**EXERCISE**
Which lines belong in your copy? Those from the start of the data through the line with "Today we're going", exactly as written, without any pictures.

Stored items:
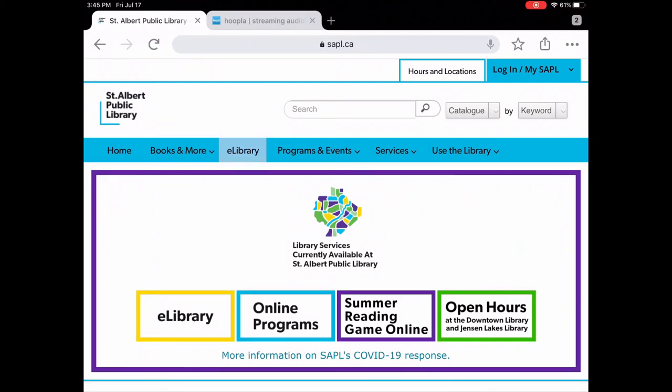Hello and welcome to Tech Talks. My name is Lisa and I'm the Digital Services Librarian at St. Albert Public Library. Today I would like to show you one of our most popular e-resources called Hoopla.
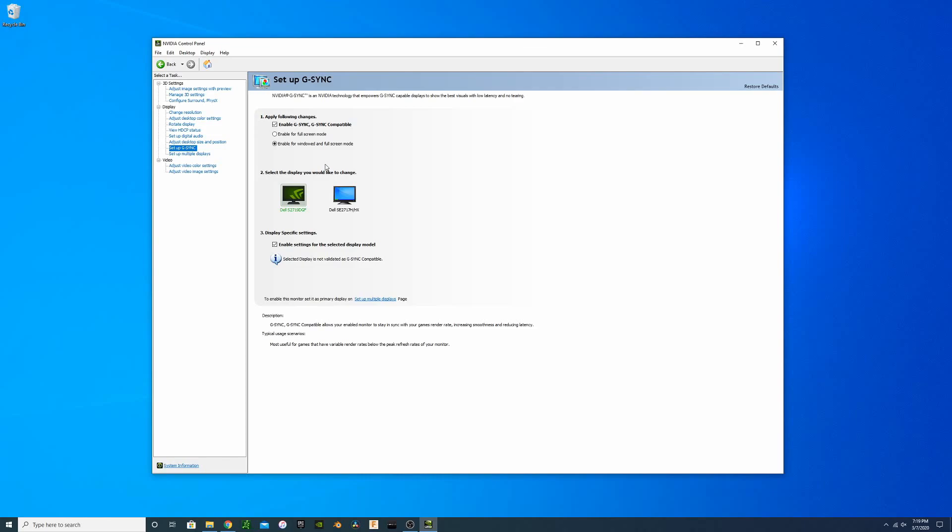We're not technically G-Sync compatible with this monitor, so it's not validated for G-Sync, but it is capable of G-Sync. As you can see here, your selected display is not validated as G-Sync compatible, but we can still enable G-Sync for the monitor. This will allow clean frame rates, especially when you do possibly have some dips.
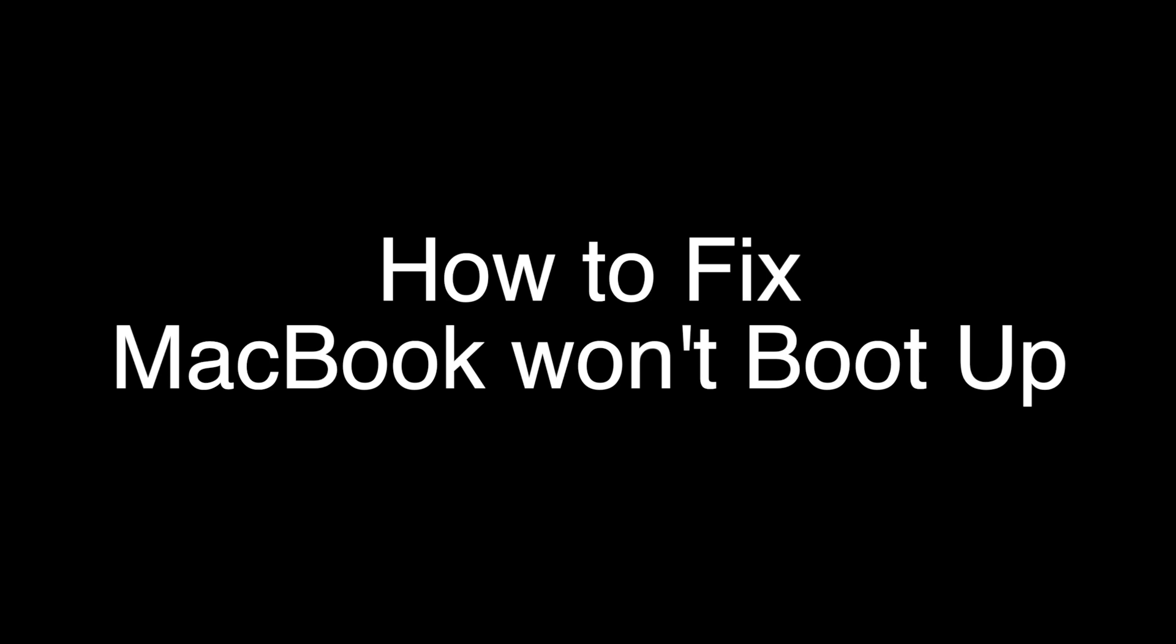Today we're going to show you how to fix your MacBook Pro or MacBook Air if it won't boot up. If you follow along to the end, there is a very high probability that your MacBook will begin booting up again.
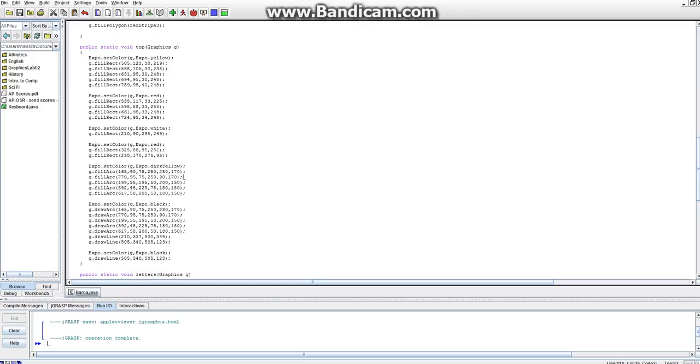And then I used these to fill in the rest of them so that I could do, this is the outline here, and this just makes it easier for me to fill in everything correctly.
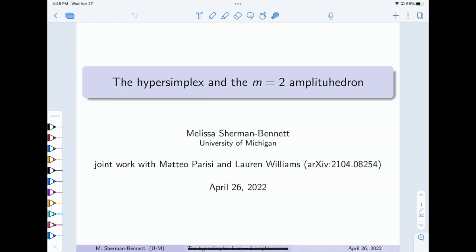Let's talk about the hypersimplex and the M equals 2 and M equals 3 cases. Thanks to the organizers for the invitation, and also for letting me and Mateo combine our two talk slots, putting us right after each other. I'll be giving more details about what Mateo talked about.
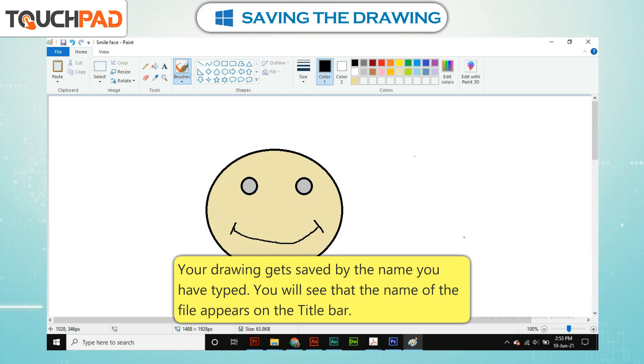Your drawing gets saved by the name you have typed. You will see that the name of the file appears on the title bar.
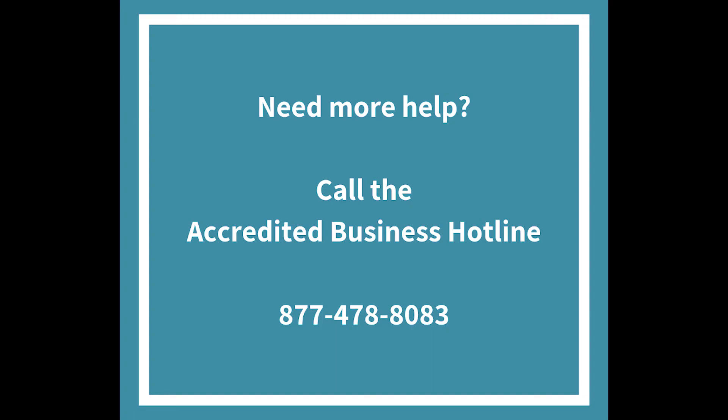If you have any questions, please call us at the accredited business hotline at 877-478-8083.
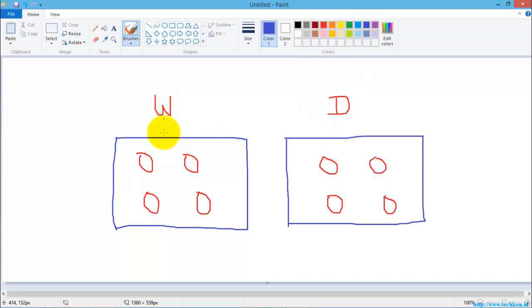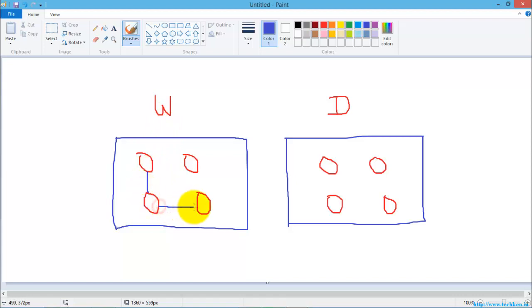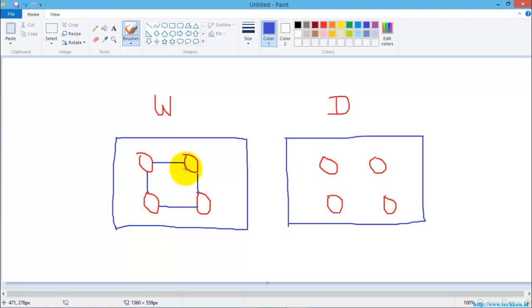What is meant by workgroup? The workgroup is called a logical grouping of computers which can be interconnected with each other so that you can share the resources among all the computers.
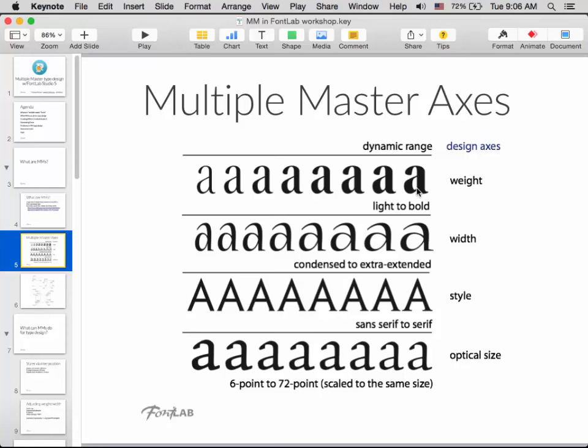Another common axis is optical size. The idea is that for a font optimized for smaller sizes, everything gets a little bolder, but especially the thins get thicker. What would be hairlines at a display size like 72 point have to get really sturdy for small sizes. The same kind of principle applies for web fonts — what you might use for six point in print you might use for 12 point on screen. Try Verdana at six point for print if you ever need to print tiny stuff on a spreadsheet.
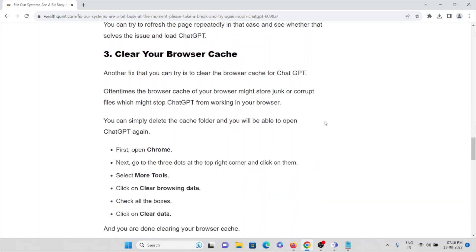The third method is clear your browser cache. Another fix that you can try is to clear the browser cache for ChatGPT. Oftentimes the browser cache might store junk or corrupt files that might stop ChatGPT from working on your device. You can simply delete the cache folder and you will be able to open ChatGPT again.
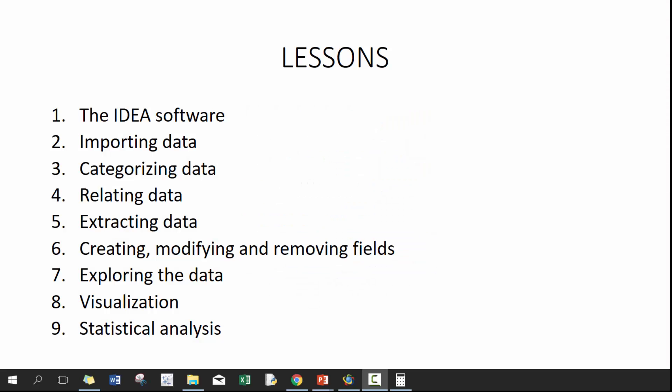Hi everyone, my name is King Ivy and this is Introduction to IDEA. In today's lesson we'll be talking about importing data. If you haven't seen the previous lesson on the IDEA software, I'm going to include a card caption here. I'd recommend that you check it out.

**RESULT**
Hello and welcome to Tech Talks. My name is Lisa and I'm the Digital Services Librarian at St. Albert Public Library. Today I would like to show you one of our most popular e-resources called Hoopla.
We're not technically G-Sync compatible with this monitor, so it's not validated for G-Sync, but it is capable of G-Sync. As you can see here, your selected display is not validated as G-Sync compatible, but we can still enable G-Sync for the monitor. This will allow clean frame rates, especially when you do possibly have some dips.
Today we're going to show you how to fix your MacBook Pro or MacBook Air if it won't boot up. If you follow along to the end, there is a very high probability that your MacBook will begin booting up again.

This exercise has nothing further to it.